Originally Posted by Ilsa
Prove the following identity
cosec (theta) + tan (theta) = 1 / [cosec (theta) - tan (theta)]

What have you tried?

Where are you stuck?

Work on the left side. Write cosecant and tangent functions in terms of sine and cosine.

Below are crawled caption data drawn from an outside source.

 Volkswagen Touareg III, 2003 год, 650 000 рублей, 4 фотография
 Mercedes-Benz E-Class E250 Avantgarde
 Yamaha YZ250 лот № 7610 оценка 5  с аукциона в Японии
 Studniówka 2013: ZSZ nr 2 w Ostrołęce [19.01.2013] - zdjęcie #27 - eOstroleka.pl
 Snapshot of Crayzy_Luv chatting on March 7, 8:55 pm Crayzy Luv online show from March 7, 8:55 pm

Combine into one rational expression.
• Oct 23rd 2011, 11:40 PM
Ilsa
Re: Trigonometric Identities
cosec (theta) + tan (theta)
= 1 / sin (theta) + (sin (theta)/cos (theta))
= [cos (theta) + sin ^2 (theta) ] / sin (theta) cos (theta)
I require help for further steps
If I substitute sin^2 (theta) = 1 - cos^2 (theta)
then:
= [cos (theta) + 1 - cos^2 (theta) ] / sin (theta) cos (theta)
With the above expression I am unable to prove the identity.
This is where I'm stuck.
• Oct 24th 2011, 01:06 AM
sbhatnagar
Re: Trigonometric Identities
Quote:

Originally Posted by Ilsa
Prove the following identity
cosec (theta) + tan (theta) = 1 / [cosec (theta) - tan (theta)]

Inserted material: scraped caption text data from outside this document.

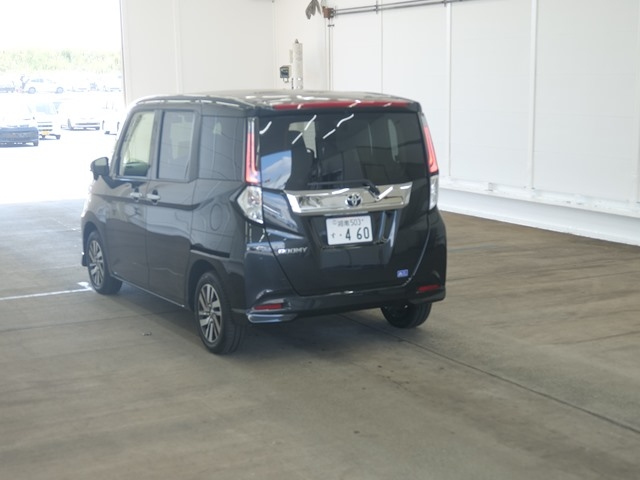 TOYOTA ROOMY 2023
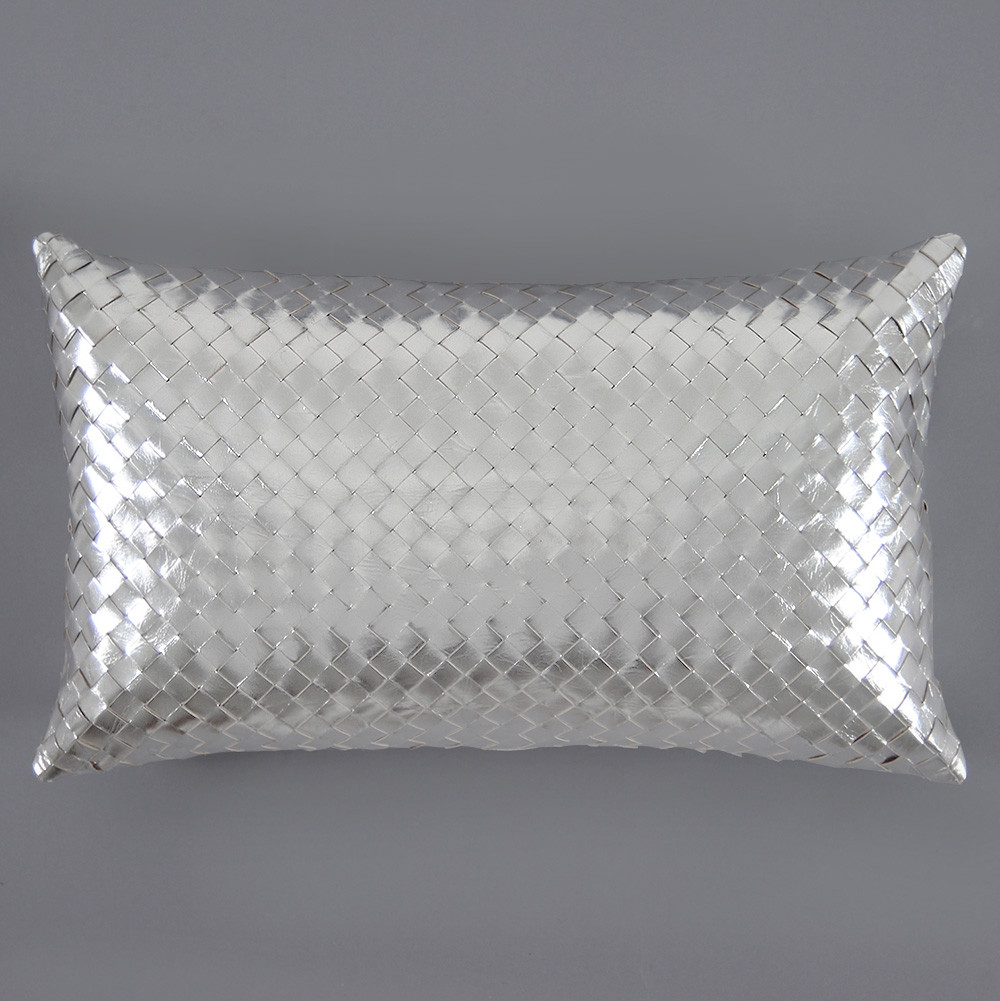 Métallique Leather Pillow
10 x 18 inches
Leather
Silver
Métallique Leather Pillow
10 x 18 inches
Leather
Silver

Check your question. You cannot prove it because it is false.

$\csc(\theta)+\tan(\theta)\neq \frac{1}{\csc(\theta)-\tan(\theta)}$

If you don't believe me ,then look:

$\csc(\theta)+\tan(\theta)=\frac{1}{\csc(\theta)-\tan(\theta)}$

$(\csc(\theta)+\tan(\theta))(\csc(\theta)-\tan(\theta))=1$

$\csc^2(\theta)-\tan^2(\theta)=1$

$\csc^2(\theta)=1+\tan^2(\theta)$

$\csc^2(\theta)=\sec^2(\theta)$ (which is wrong!!)(Headbang)

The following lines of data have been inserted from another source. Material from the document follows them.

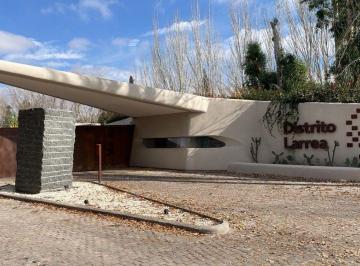 Terreno , Chacras de Coria · [ Lote Central ] Distrito Larrea - Chacras de Coria | Posesión Inmediata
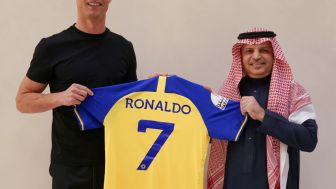 Breaking News: Ronaldo Tandatangani Kontrak Berdurasi Dua Setengah Tahun bersama Al Nassr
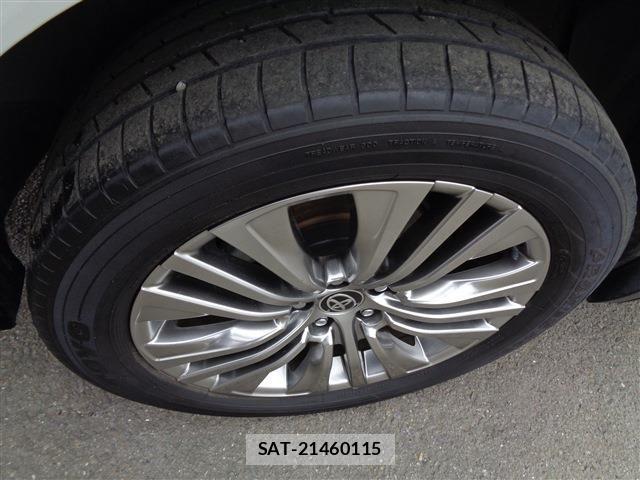 Toyota HARRIER HYBRID 2022-03 7876697-8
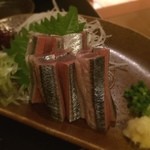 七伍屋 - 今季初生秋刀魚刺し
      あの切り方です！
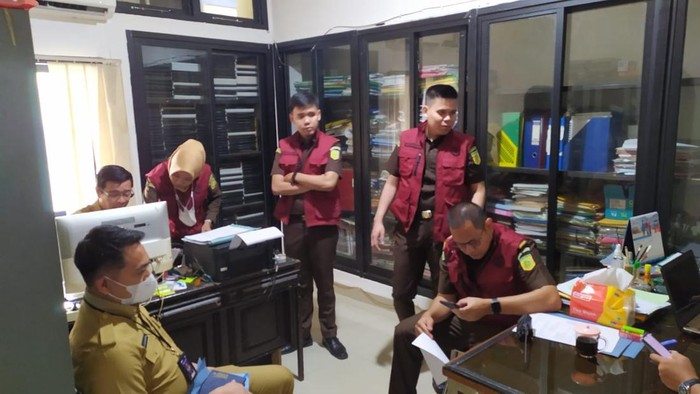 Jaksa saat menggeledah kantor PSDA Sumsel. (Foto: Istimewa)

According to me your question should read : Prove $\csc(\theta)+\cot(\theta)=\frac{1}{\csc(\theta)-\cot(\theta)}$
• Nov 4th 2011, 07:06 AM
Soroban
Re: Trigonometric Identities
Hello, Ilsa!

The statement is not true. .Is there a typo?

Quote:

$\text{Prove: }\: \csc\theta + \cot\theta \:=\:\frac{1}{\csc\theta - \cot\theta}$ . This is true

Multiply the right side by $\frac{\csc\theta + \cot\theta}{\csc\theta + \cot\theta}$

. . $\frac{1}{\csc\theta - \cot\theta} \cdot\frac{\csc\theta + \cot\theta}{\csc\theta + \cot\theta} \;\;=\;\;\frac{\csc\theta + \cot\theta}{\underbrace{\csc^2\!\theta - \cot^2\!\theta}_{\text{This is 1}}} \;\;=\;\; \csc\theta + \cot\theta$